» **Task objective**
For the records below, copy exactly the span that begins at the line containing "Bird Nest Wire" and stops after the line containing "电话销售2024年度工作总结_第1页", minus any pictures.

>>>>

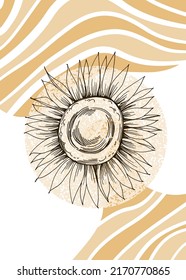 Abstrakte Illustrationen von Sonnenblumen für die Wanddekoration, Postkarte, Banner für soziale Medien, Hintergrund für die Gestaltung von Broschüren. Moderne abstrakte Malerei.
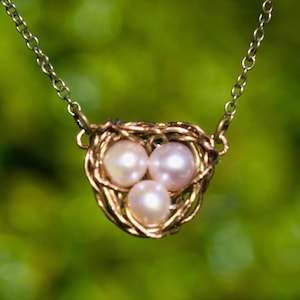 Bird Nest Wire Wrapped Necklace Easter Eggs Necklace Parelsnoer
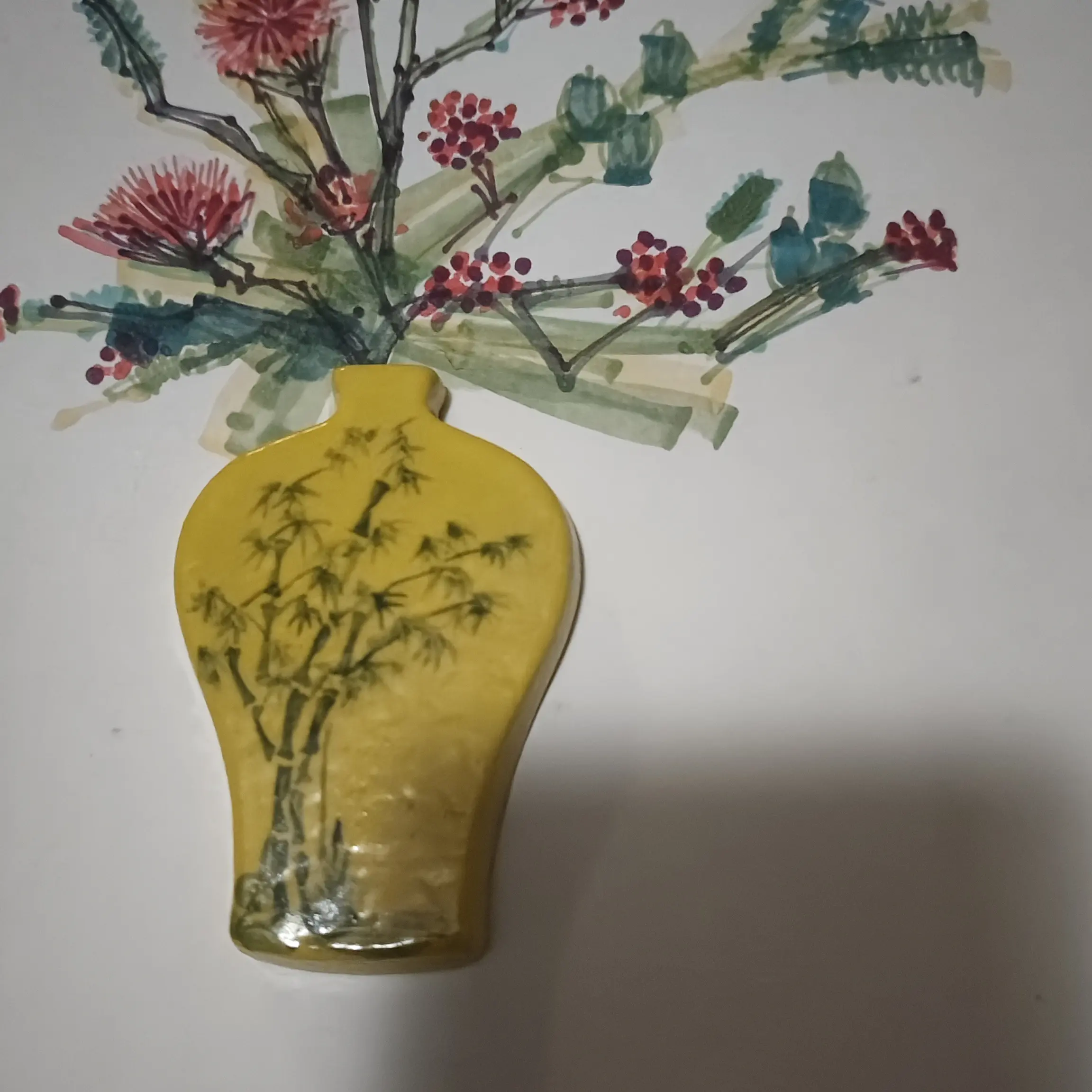 新中式手绘花器客厅玄关插花水养鲜花创意家居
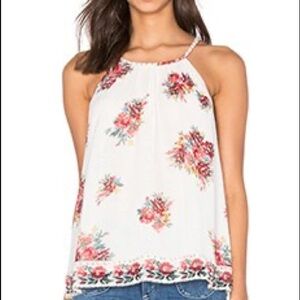 Joie White Floral Halter Neck Tank Top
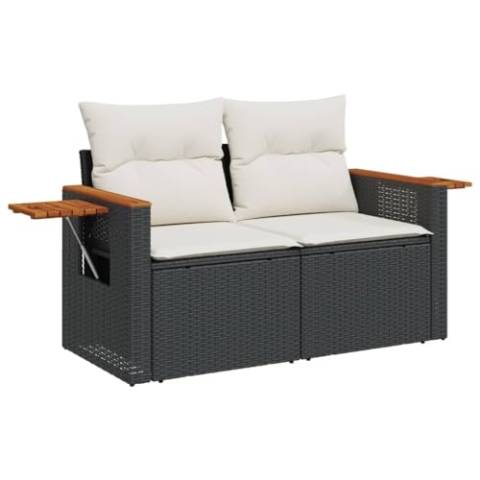 vidaXL Gartensofa mit Kissen 2-Sitzer, Sofa mit klappbaren Ablagen, Terrassensofa mit abnehmbarem waschbarem Bezug, Gartenmöbel Terrassenmöbel, Schwarz Poly Rattan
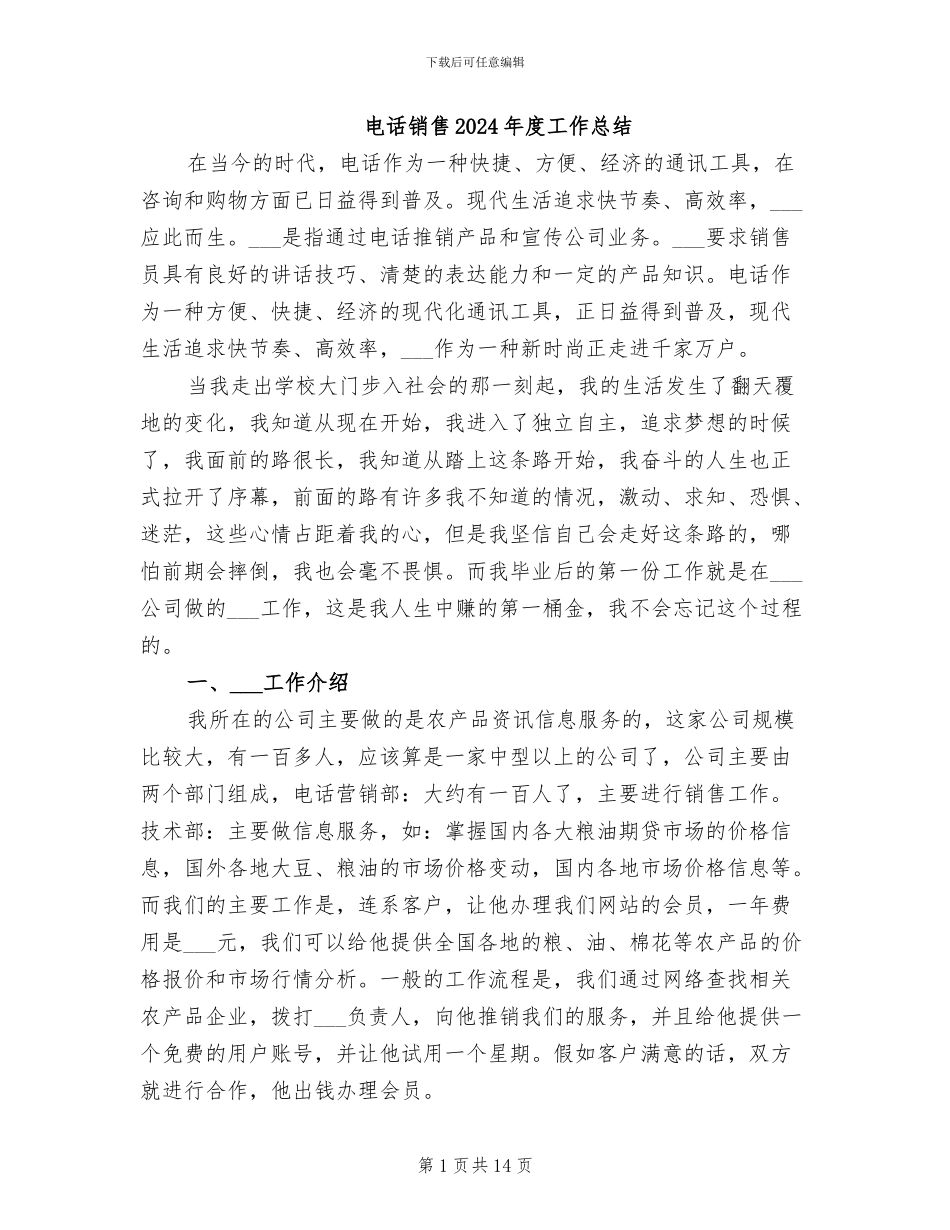 电话销售2024年度工作总结_第1页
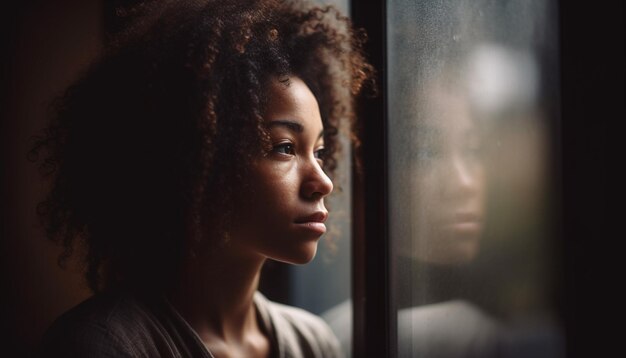 Einsame junge Frau, die durch das Fenster schaut und die durch KI erzeugte Traurigkeit und Einsamkeit empfindet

<<<<

» **Response to the exercise**
 Bird Nest Wire Wrapped Necklace Easter Eggs Necklace Parelsnoer
 新中式手绘花器客厅玄关插花水养鲜花创意家居
 Joie White Floral Halter Neck Tank Top
 vidaXL Gartensofa mit Kissen 2-Sitzer, Sofa mit klappbaren Ablagen, Terrassensofa mit abnehmbarem waschbarem Bezug, Gartenmöbel Terrassenmöbel, Schwarz Poly Rattan
 电话销售2024年度工作总结_第1页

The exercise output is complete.